This sub-project, Attack Net Zero, is a real-time network monitoring and intrusion detection system designed to detect, analyze, and mitigate Denial of Service (DoS) and Distributed Denial of Service (DDoS) attacks. It leverages machine learning, ethical hacking techniques, and virtualization to provide a practical and extensible cybersecurity solution.

Key Features & Contributions

Real-Time Threat Detection: Utilized ensemble machine learning models (Random Forest, SVM, KNN, MLP, XGBoost) to detect multiple types of DoS and DDoS attacks (SYN, ACK, RST, FIN, PSH, UDP, ICMP, Frag floods) with high accuracy using live network traffic.
Integrated Packet Monitoring Engine: Built a system using Scapy and PyShark to capture, analyze, and store network packets in real-time. Metrics like packets per second (PPS), bytes per second (BPS), and packet sizes are tracked and displayed interactively.
Smart Feature Selection: Reduced over 80 network traffic features to the most critical 28–29 using Random Forest feature importance to enhance model performance and efficiency.
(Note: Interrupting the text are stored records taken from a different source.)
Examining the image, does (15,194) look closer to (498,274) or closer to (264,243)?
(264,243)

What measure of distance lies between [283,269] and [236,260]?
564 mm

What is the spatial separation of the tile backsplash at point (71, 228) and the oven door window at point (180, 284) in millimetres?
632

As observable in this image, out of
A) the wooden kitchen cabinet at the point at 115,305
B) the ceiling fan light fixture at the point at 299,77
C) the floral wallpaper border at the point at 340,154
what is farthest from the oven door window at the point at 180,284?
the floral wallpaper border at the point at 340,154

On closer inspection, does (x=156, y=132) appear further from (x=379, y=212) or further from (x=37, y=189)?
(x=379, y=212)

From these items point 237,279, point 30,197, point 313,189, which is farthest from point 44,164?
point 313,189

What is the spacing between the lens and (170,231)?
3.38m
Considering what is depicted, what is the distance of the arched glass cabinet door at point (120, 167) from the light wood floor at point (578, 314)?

Attack Visualization & UI: Developed a cyber-themed, responsive interface with Tailwind CSS, visualizing attack metrics, detection summaries, and traffic charts. Mobile-friendly with sidebar navigation and smooth transitions.
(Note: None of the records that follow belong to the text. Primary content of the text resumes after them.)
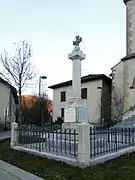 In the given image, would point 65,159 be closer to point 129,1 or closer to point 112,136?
point 112,136

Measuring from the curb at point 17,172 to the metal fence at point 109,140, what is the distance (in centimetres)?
211

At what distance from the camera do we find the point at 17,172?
8.67m

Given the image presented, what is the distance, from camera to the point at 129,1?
119 ft

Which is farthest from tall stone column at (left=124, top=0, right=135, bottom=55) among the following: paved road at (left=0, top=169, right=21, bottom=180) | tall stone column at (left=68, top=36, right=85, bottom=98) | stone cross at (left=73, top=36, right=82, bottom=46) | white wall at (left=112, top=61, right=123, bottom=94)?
paved road at (left=0, top=169, right=21, bottom=180)

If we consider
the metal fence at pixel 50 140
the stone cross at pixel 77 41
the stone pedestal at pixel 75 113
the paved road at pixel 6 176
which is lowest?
the paved road at pixel 6 176

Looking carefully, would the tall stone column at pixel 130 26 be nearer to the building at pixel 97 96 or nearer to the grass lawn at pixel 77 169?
the building at pixel 97 96

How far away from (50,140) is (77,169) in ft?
8.34

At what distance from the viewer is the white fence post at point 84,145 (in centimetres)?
865

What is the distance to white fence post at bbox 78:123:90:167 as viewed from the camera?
28.4 feet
Stacked Ensemble Learning: Implemented a stacking ensemble with XGBoost, SVM, KNN, and MLP as base learners, and Random Forest as a meta-learner, achieving over 99.33% accuracy across multi-class attack scenarios.
IP Blocking & Mitigation: Enabled dynamic IP blocking at Layer 2 (ebtables) and Layer 3 (iptables) through a Django frontend. Users can block/unblock IPs in real-time with history stored persistently.
Manual & Live Input Testing: Supports manual data entry and live input from external systems for flexible evaluation and realistic attack simulation.
Virtualized Multi-VM Testbed: Created a scalable testbed with Windows XP (victim), Kali Linux (attacker), and monitor/controller nodes (Kali/Ubuntu/Windows) to emulate real-world DoS and DDoS scenarios.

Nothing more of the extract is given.